O’Connor: Funny, but here’s that rainy day ...
Unemployment was on my mind last week, for no particular reason at all, of course, when I ran across a bit of economic “good news.”
According to the Dept. of Labor, the number of initial claims for unemployment benefits for the week ending Nov. 12 was a scant 235,000, a decrease of 19,000 from the previous week.
This is good news, the department noted, because it was the lowest level for initial claims since Nov. 24, 1973.
Unless you’re one of those 235,000 suddenly jobless men and women.
The standard personal finance advice is that everyone should maintain an emergency fund that can cover three to eight months’ of their expenses. If you earn the median household income of about $50,000 a year, you need to sock away $7,500 in your rainy day fund. But just this past May, the Federal Reserve reported that 46 percent of U.S. households would struggle to meet emergency expenses of just $400.
Which means that 108,100 of those folks filing new unemployment claims are in big trouble. Beyond their unemployment checks they have nearly no money to fall back on. In Michigan, they’ll collect a maximum of $365 — IF they have dependents — for no more than 20 weeks. In Florida, it’s $275 for 12 weeks. In North Carolina, the maximum is $350 for as little as five weeks.
Although my interest in all of this is purely academic, of course.
Keep calm and buy Lotto tickets
This bring us to David Sterling, CEO of Sterling Risk Insurance, which has introduced something called IncomeAssure — private unemployment insurance you can buy for yourself.

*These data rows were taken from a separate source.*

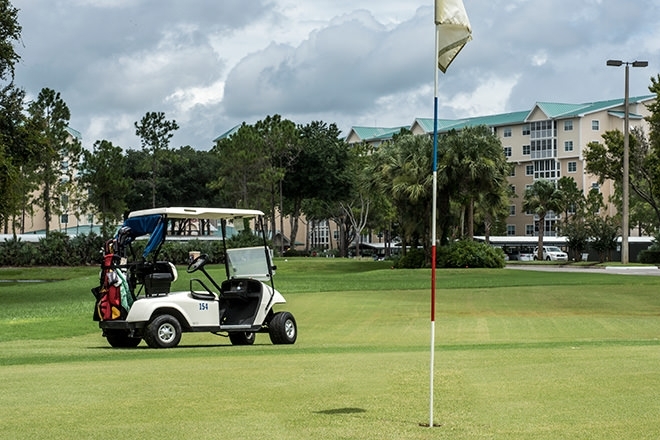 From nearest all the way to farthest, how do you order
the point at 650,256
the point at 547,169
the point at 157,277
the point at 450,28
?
the point at 450,28 < the point at 157,277 < the point at 650,256 < the point at 547,169

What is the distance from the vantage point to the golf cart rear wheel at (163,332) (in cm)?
1788

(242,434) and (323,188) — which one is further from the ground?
(323,188)

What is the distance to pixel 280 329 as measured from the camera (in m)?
19.3

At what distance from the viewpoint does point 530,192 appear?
120 m

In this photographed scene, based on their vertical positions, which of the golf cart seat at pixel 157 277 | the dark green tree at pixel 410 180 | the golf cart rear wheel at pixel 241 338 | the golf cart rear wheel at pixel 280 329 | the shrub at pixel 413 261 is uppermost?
the dark green tree at pixel 410 180

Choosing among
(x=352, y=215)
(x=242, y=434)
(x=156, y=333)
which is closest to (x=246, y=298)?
(x=156, y=333)

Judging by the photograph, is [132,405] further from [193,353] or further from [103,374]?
[193,353]

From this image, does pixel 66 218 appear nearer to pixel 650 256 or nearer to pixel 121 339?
pixel 650 256

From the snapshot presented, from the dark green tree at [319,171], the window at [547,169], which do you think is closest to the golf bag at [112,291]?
the dark green tree at [319,171]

The policy works like this: You pay a premium for one year of coverage, choosing a benefit amount that matches your salary, and IncomeAssure promises to pay the difference between your state unemployment benefit and 50 percent of your salary for up to 26 weeks (minus a two-week deductible), regardless of how long your state benefits run.
Let’s say you earn $75,000 a year in Michigan working in, oh, let’s just randomly say the “information” industry, for no particular reason at all, of course. That means you take home about $4,000 a month. A policy would cost $91 a month, for total premiums of $1,096.

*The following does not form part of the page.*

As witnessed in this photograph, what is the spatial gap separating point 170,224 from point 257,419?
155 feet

Then, in the highly, highly unbelievably unlikely event that you’re suddenly and unceremoniously canned, IncomeAssure would pay out $10,792, over and above the $7,240 you’d collect in state benefits. Those total benefits of $18,032 would cover about four months of your lost take-home pay.
IncomeAssure also offers a cheaper alternative for people with incomes of less than $50,000 that pays out a lump-sum payment if you lose your job.
Not that anyone around here needs to prepare for that kind of occupational travesty, of course.
About that river in Egypt ...
This being insurance, there are several caveats. For your claim to qualify you have to first be eligible for state unemployment benefits, which may not happen if your employer fights your claim or the state denies it. You also have to vest in the policy for six months before filing a claim, meaning you can’t get a layoff notice one day and hop online to buy coverage the next day. If you do get laid off during the initial six months, IncomeAssure returns your premium.
“That’s our protection against fraud — if the state pays you, we’ll pay you,” Sterling says. “Unless we find out you’ve lied about a pending layoff on your application.”
Yvette Owens, a Macomb Township IT manager for an automaker, bought a policy after depleting her own savings to help out a relative.
“You’re supposed to have at least six months’ worth of savings in case something happens,” Owens said. “I know I can’t pay my mortgage on unemployment insurance.”
Owens, 36, says she pays about $108 a month for $120,000 in coverage while she works on rebuilding her cash cushion. “I’m not there yet,” she says. “I’m relying on this policy if anything happens.”
Not that anything like that ever would, of course.